Singkat cerita, setelah survive dari rongrongan mpok-mpok kurang pelesir yang meminta kami berhenti di Es Krim Ragusa di Jalan Veteran (dan berjanji sepulang dari pementasan akan makan di nasi Goreng Kambing Kebon Sirih), kami tiba di Schouwburg Weltevreden atau nama jaman sekarangnya Gedung Kesenian Jakarta. Lagi-lagi mpok kurang pelesir sudah mengisyaratkan dia mau beli Roti Lauw sebelum masuk ke dalam gedung pementasan. Setelah berfoto sebentar di photo backdrop (yang sampai sekarang materinya belum naik ke platform social media kami), kami masuk membeli "kupi dan ruti" (supaya mpok-mpok kurang pelesir tidak rewel) dan oleh Bang Fadil Juliansyah - seorang die hard cultural preservation warrior - kami diberi tempat duduk yang nyaman untuk menonton.
Kebetulan saya pernah satu produksi acara dengan Altajaru, sebuah kelompok musik akustik neo-etnik (apakah ada aliran neo-etnik? tidak tahu juga), jadi saat dari kejauhan saya lihat Altajaru yang akan mengiringi pementasan, dalam hati saya berujar "this is going to be awesome".
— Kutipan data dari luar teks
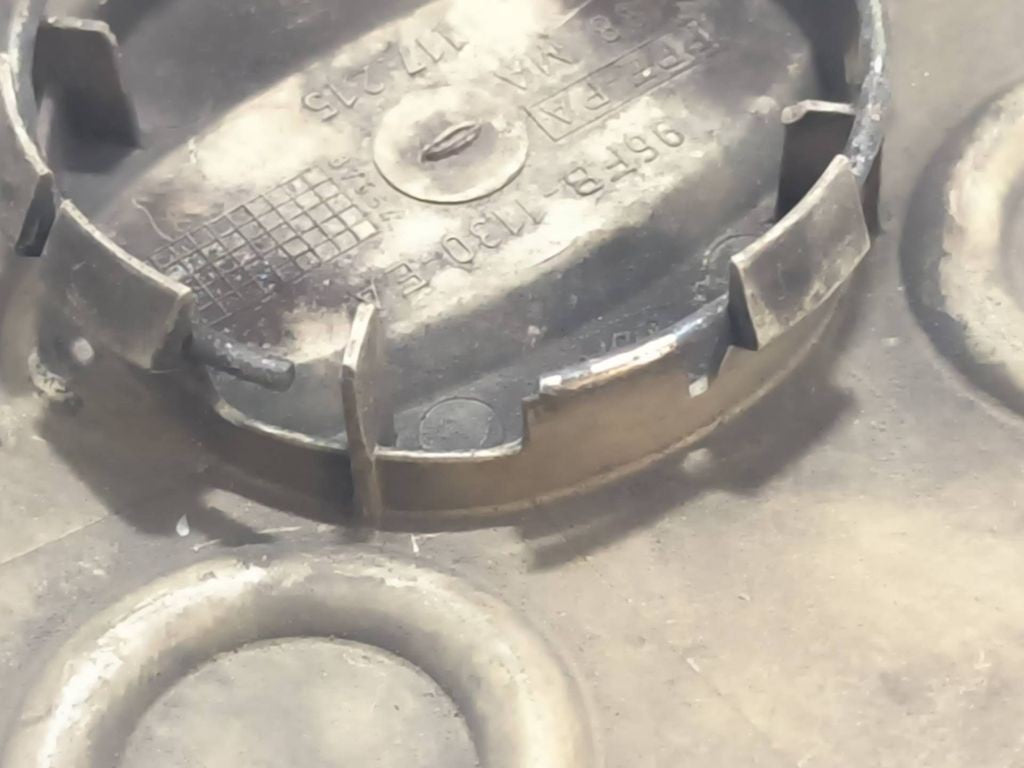 Ford Fiesta 1996 Original wheel cap 96FB1130EA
Karena saya sudah lumayan berumur, jadi saya hanya akan ceritakan yang saya ingat saja ya, sequence-nya pun saya lupa yang mana yang lebih dahulu #disclaimer.
Lampu black out. Standar buat saya yang juga ada di industri show management. Musik mulai main. Altajaru memang grup musik yang tidak standar, buat orang yang pertama kali mendengarnya, buat saya masih belum greget. It was grande enough untuk membuka acara, tapi begitu lah menurut saya, sedikit kurang greget.
Tirai dibuka dan terlihatlah si Mirah (peran utama wanitanya) didepan dupa dan perlahan-lahan lampu menerangi pemeran utama pementasan ini melakukan opening act atau opening tune atau apalah itu namanya. Magis!. Tata lampu, musik dan gerakan silat dari para pemeran utama berpadu sangat apik. Dari perspektif saya sebagai orang show management, opening ini ciamik karena dengan kesederhanaan set panggung (bukan sederhana sebenarnya, memang belum ada set yang masuk di panggung hehehe), mereka bisa me-manage opening ini jadi sesuatu yang menaikkan mood hanya dengan bermodalkan gerakan silat, buat saya yang kebetulan pernah merancang opening acara atau pementasan, this is nice. A very well designed opening.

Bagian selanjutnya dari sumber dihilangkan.